With a naive implementation of this idea (use self-GID in the paint table, the paint layer subtables become shared, but each glyph still has three distinct entries in the layerlist table) the byte size of the COLR table drops to 11803 bytes, a 39% reduction.

But more compression is available. At this point the layerlist entries are identical between the glyphs; if each glyph shared the same firstlayerindex, the layer count drops from 1464 to 3 entries, and the byte size of the COLR table drops down to 3037, a 90% reduction.
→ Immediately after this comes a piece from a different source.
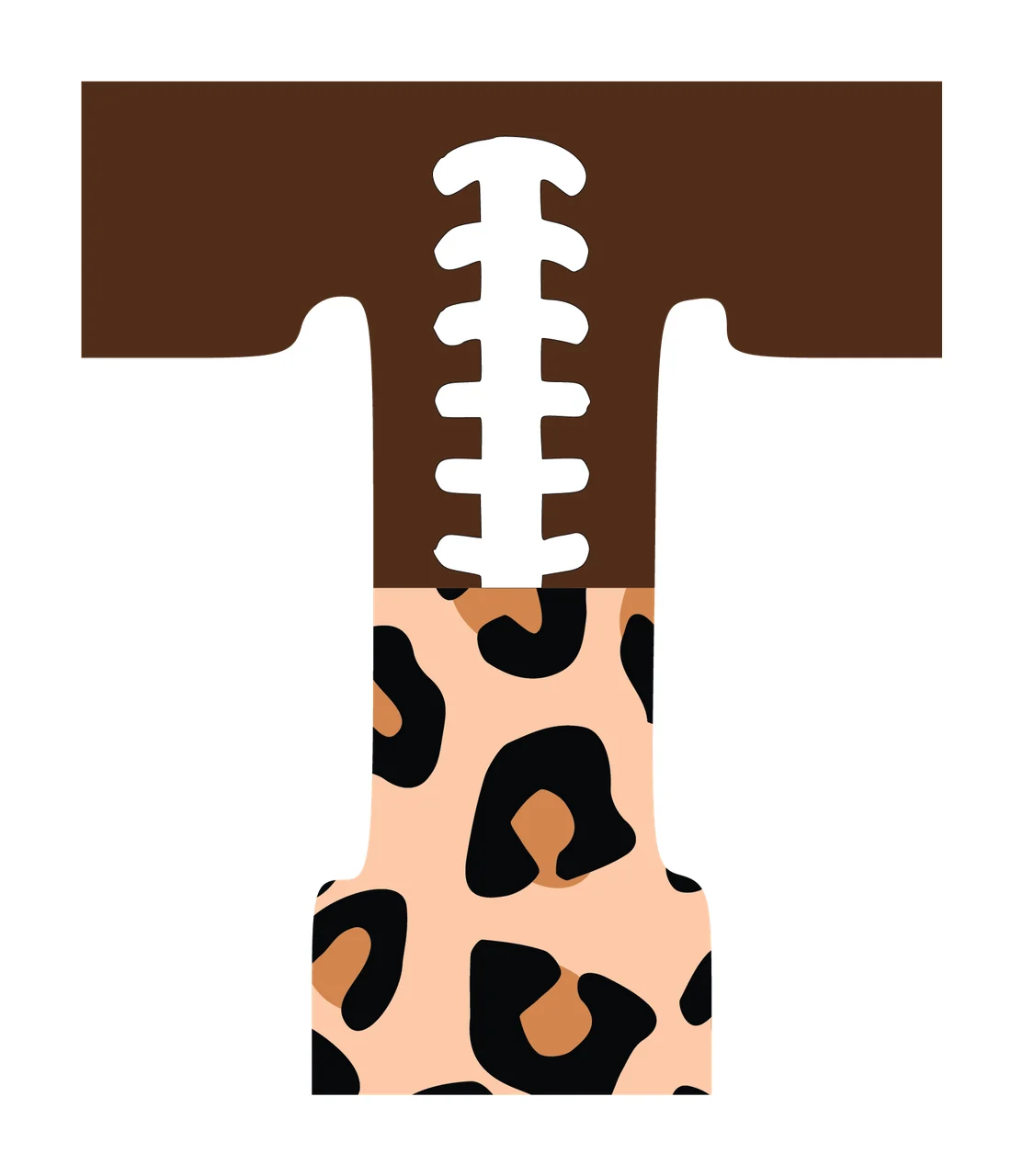 Football Font Half Leopard Character 10 american gridiron touchdown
I tried my tool but it failed to do what you expected, because all layers have different VarIndexBase. But the varstore entries look identical:

       <Item index="2418" value="[0]"/>
        <Item index="2419" value="[80]"/>
        <Item index="2420" value="[0]"/>
        <Item index="2421" value="[0]"/>
        <Item index="2422" value="[40]"/>
        <Item index="2423" value="[0]"/>
        <Item index="2424" value="[80]"/>
        <Item index="2425" value="[0]"/>
        <Item index="2426" value="[0]"/>
        <Item index="2427" value="[40]"/>
        <Item index="2428" value="[0]"/>
        <Item index="2429" value="[80]"/>
        <Item index="2430" value="[0]"/>
        <Item index="2431" value="[0]"/>

How did you build this font? The VarStore looks unoptimized and not even built with OnlineVarStoreBuilder.